Глазунов – стойкий социоэстетический феномен. У него – об этом трудно сказать в отношении большинства системных («творчески-союзовских») позднесоветских художников – была своя реально большая аудитория. В этом плане он – в старом смысле слова – народен. Какой бы частью народа его аудитория ни была. И он вполне смог репрезентировать ее представления об истории своей страны. Это важно: не историю. А именно представления этой уходящей общественной группы об истории. Какими бы они ни были. Группе же, вошедшей сегодня в силу, Глазунов уже не нужен. Эта масса далеко обошла его на пути упрощений: он создавал мифы, она живет лозунгами и жаждет действия.

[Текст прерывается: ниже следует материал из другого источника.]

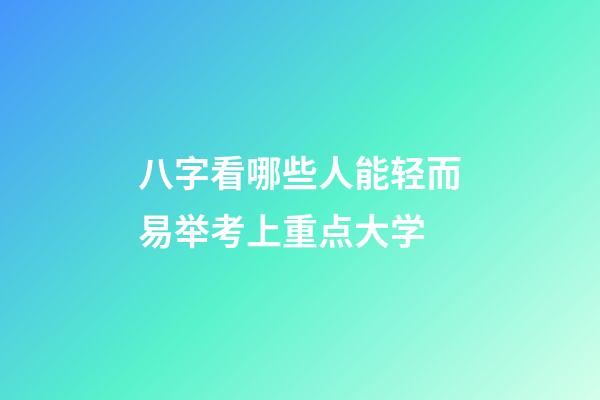 八字看哪些人能轻而易举考上重点大学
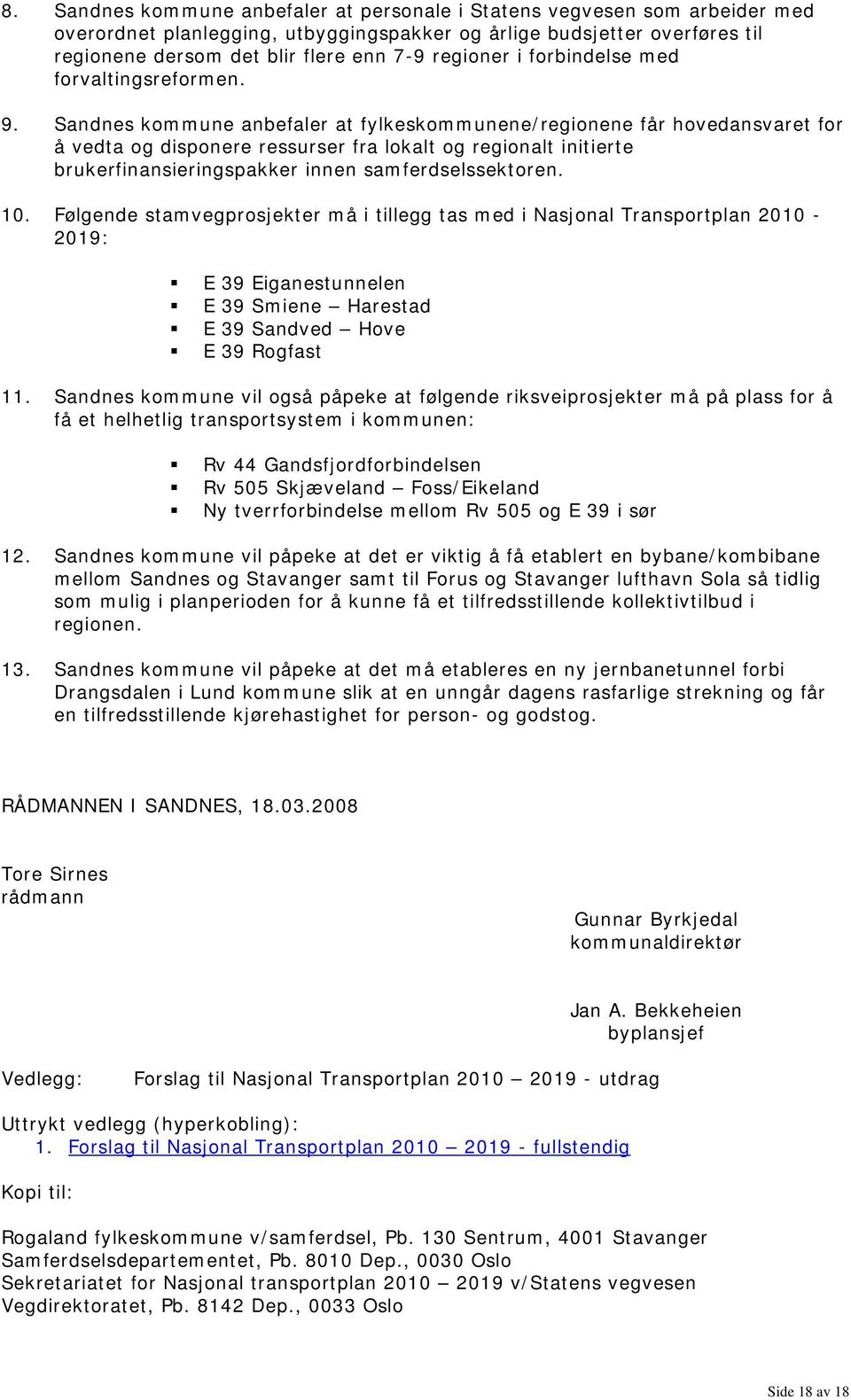 Sandnes kommune anbefaler at fylkeskommunene/regionene får hovedansvaret for å vedta og disponere ressurser fra lokalt og regionalt initierte brukerfinansieringspakker innen samferdselssektoren. 10.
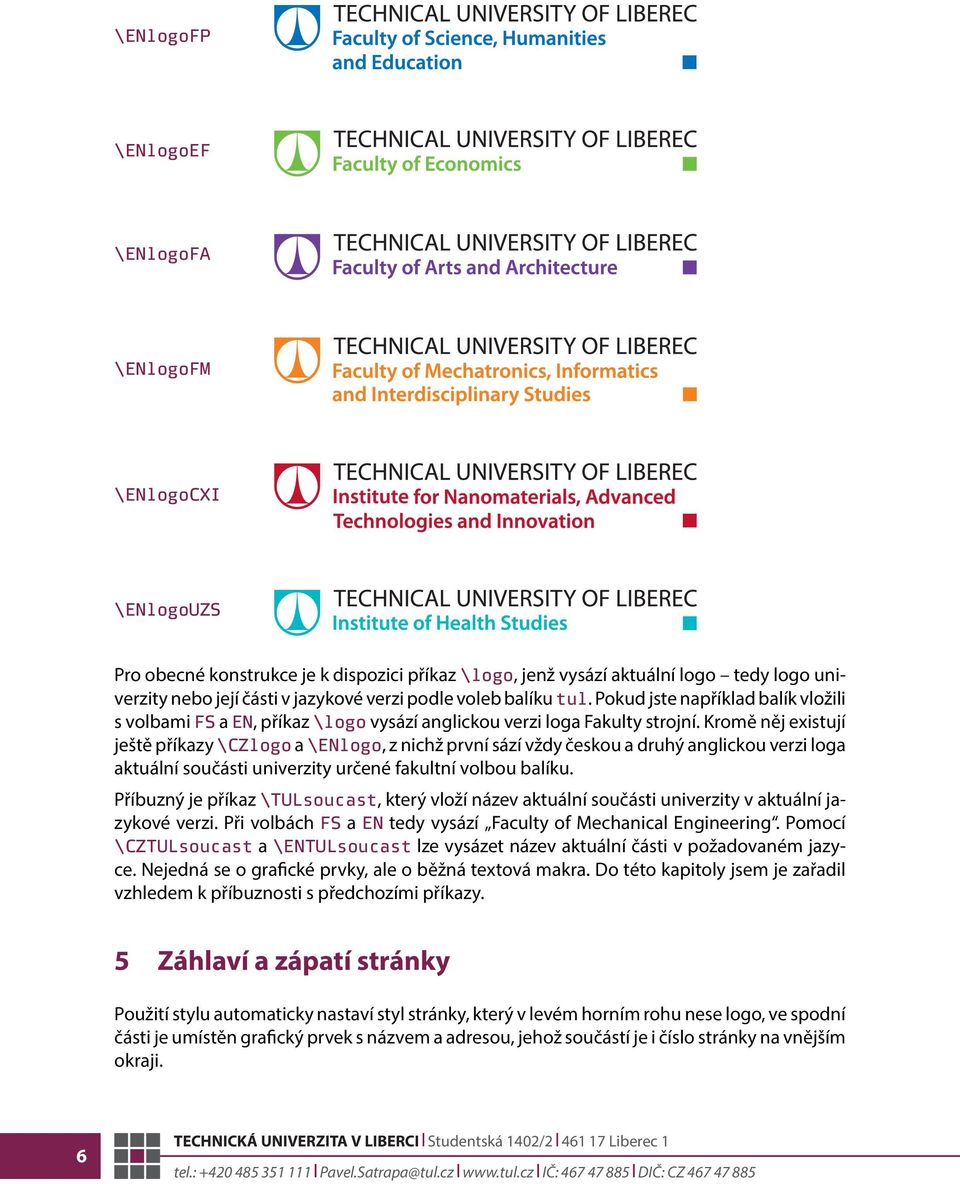 Kromě něj existují ještě příkazy \CZlogo a \ENlogo, z nichž první sází vždy českou a druhý anglickou verzi loga aktuální součásti univerzity určené fakultní volbou balíku.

Такая вот судьба. Глазунов в последние годы не маневрирует в поисках новых таргет-групп, не дает себя использовать, как, скажем, Проханов, в роли медийного политического фрика. Он, видимо, продолжает свои безразмерные циклы – как бы досылает их в некий визуально-социологический архив, призванный фиксировать существовавшие в обществе иллюзии и обманы, как возвышающие, так и опускающие. Он и сам вполне торжественно как бы вплывает в этот архив. И в этом плане, пожалуй, даже историчен.

2016

Час Брускина

Гриша Брускин на несколько лет старше меня, зато я провел детство в таком доме, где время шло медленнее, как бы консервировалось. Так что мы практически одного поколения, в том по крайней мере смысле, о котором пойдет речь ниже. Но сначала – о моем доме. Это был ленинградский дом, построенный до войны, так называемый сталинский: серый, с мощными – сегодня бы сказал, беренсианскими, то есть бравшими образец в здании немецкого посольства на Исаакиевской площади, – колоннами. В околотке дом назывался генеральским – там действительно жили отставные или близкие к тому генералы среднего звена с семьями. Кругом были старые, Измайловского еще гвардейского полка, казармы, улицы до революции назывались ротами, в то время, понятное дело, – улицами Красноармейскими, по номерам, с 1-й по 13-ю. Я хорошо помню рожок, то есть горн, трубивший побудку. Солдатиков спозаранку гоняли, обучая строевому шагу, по ближайшей Красноармейской, 8-й, мы, ошалевшая мелюзга генеральского дома, нет-нет да и въезжали на своих трехколесниках и «Орленках» в марширующие жидкие шеренги. Солдатики шарахались, ломая строй, старшины орали на них бешено, нас же, на всякий случай, не трогали: черт его знает, чей недоросль носится сломя голову. Может, какого опасного человека недоросль. Во дворе совершали моцион старички в шинелях и папахах, чинно раскланивались, расходились группками по интересам. Интересы были военными, да и все вокруг было военным. Война закончилась не десять с лишком лет тому назад, а где-то чуть ли и не вчера.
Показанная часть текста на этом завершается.